----- Listed records
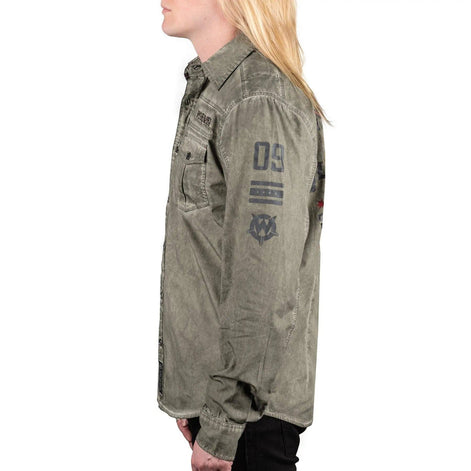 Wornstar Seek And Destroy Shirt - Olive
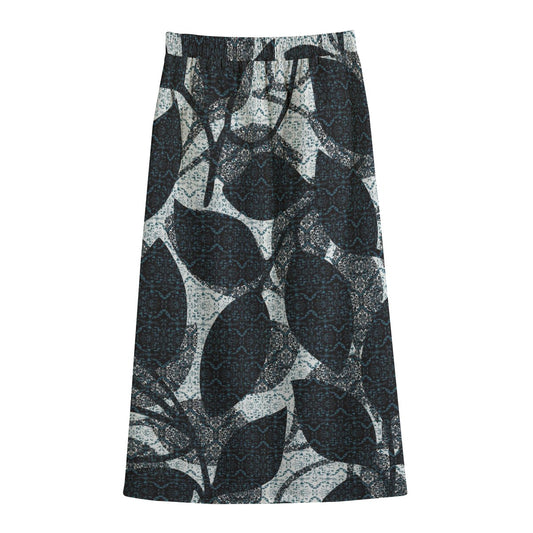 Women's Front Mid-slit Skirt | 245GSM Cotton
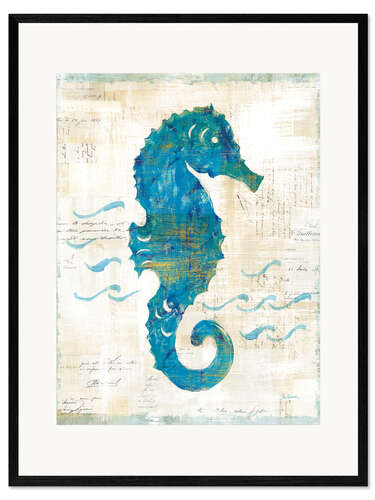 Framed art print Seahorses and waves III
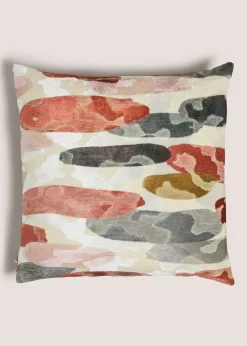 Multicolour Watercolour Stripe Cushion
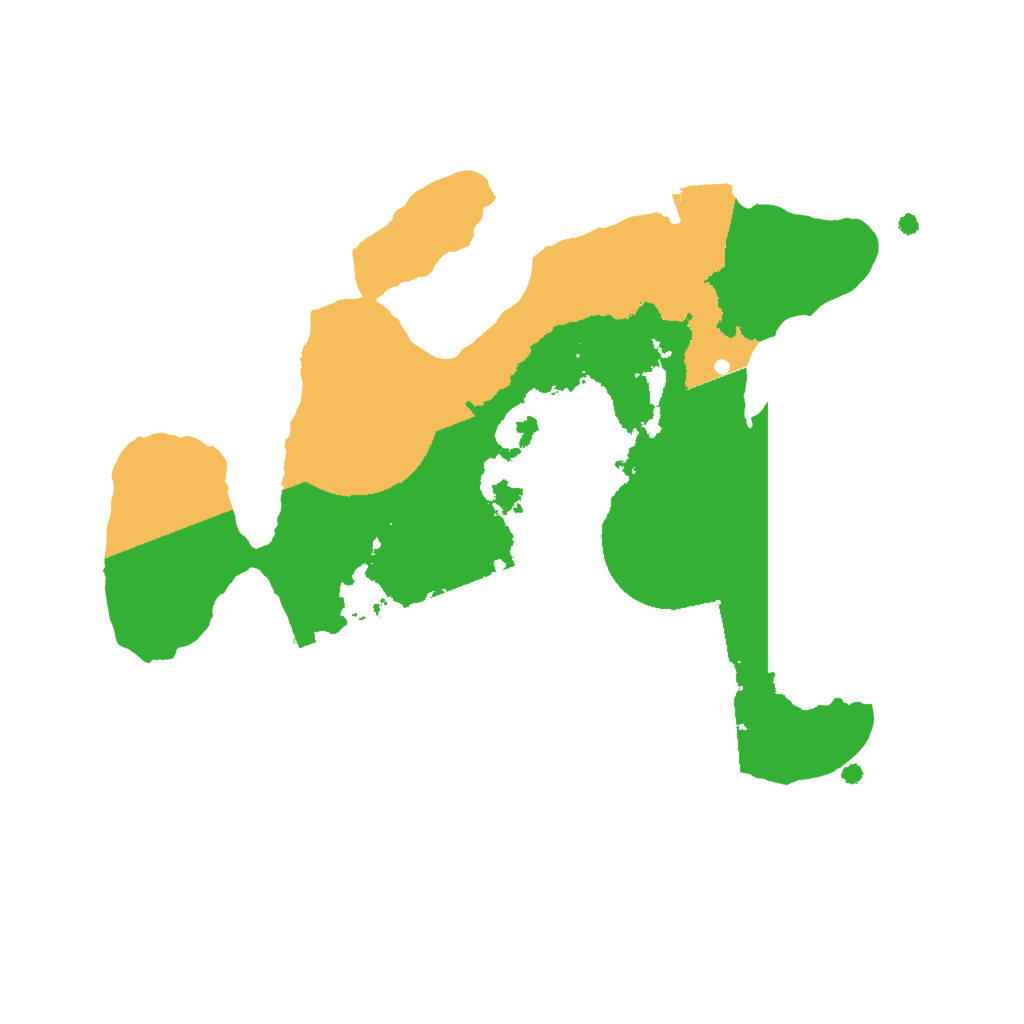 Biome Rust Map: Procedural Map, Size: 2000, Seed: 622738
----------
----- Listed records
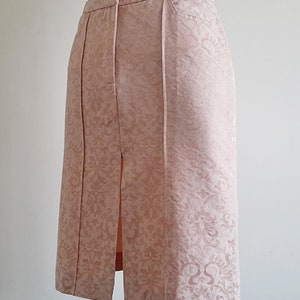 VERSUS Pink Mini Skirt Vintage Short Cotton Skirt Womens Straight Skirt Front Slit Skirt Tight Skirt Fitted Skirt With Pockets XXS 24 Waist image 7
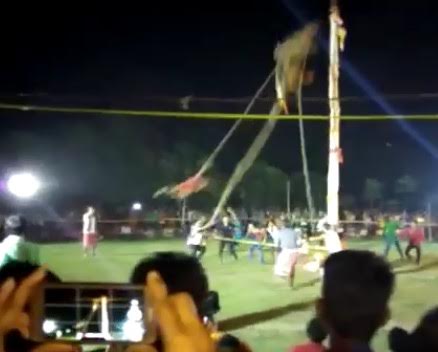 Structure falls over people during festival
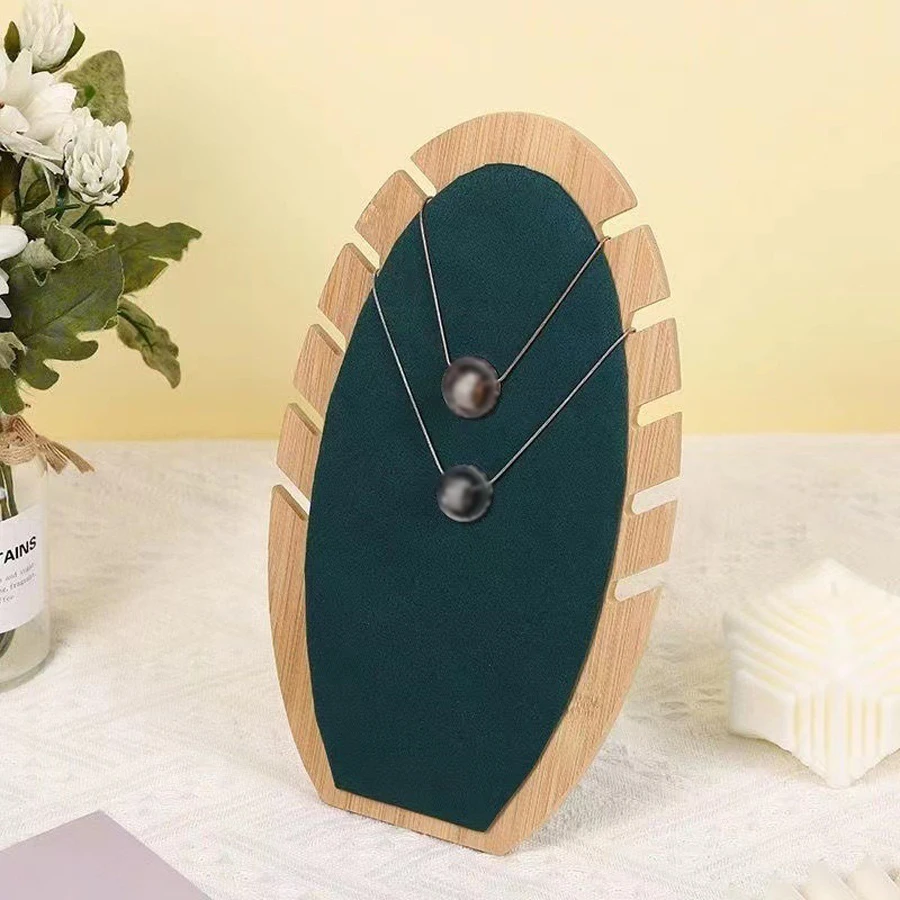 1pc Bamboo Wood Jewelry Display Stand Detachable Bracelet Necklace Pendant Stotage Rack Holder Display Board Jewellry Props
----------
→ Assignment:
For this exercise, please set down exactly the lines of the listing above from the line with "Wornstar Seek And Destroy Shirt - Olive" up to and including the line with "Biome Rust Map: Procedural", and no pictures.

→ Your response:
 Wornstar Seek And Destroy Shirt - Olive
 Women's Front Mid-slit Skirt | 245GSM Cotton
 Framed art print Seahorses and waves III
 Multicolour Watercolour Stripe Cushion
 Biome Rust Map: Procedural Map, Size: 2000, Seed: 622738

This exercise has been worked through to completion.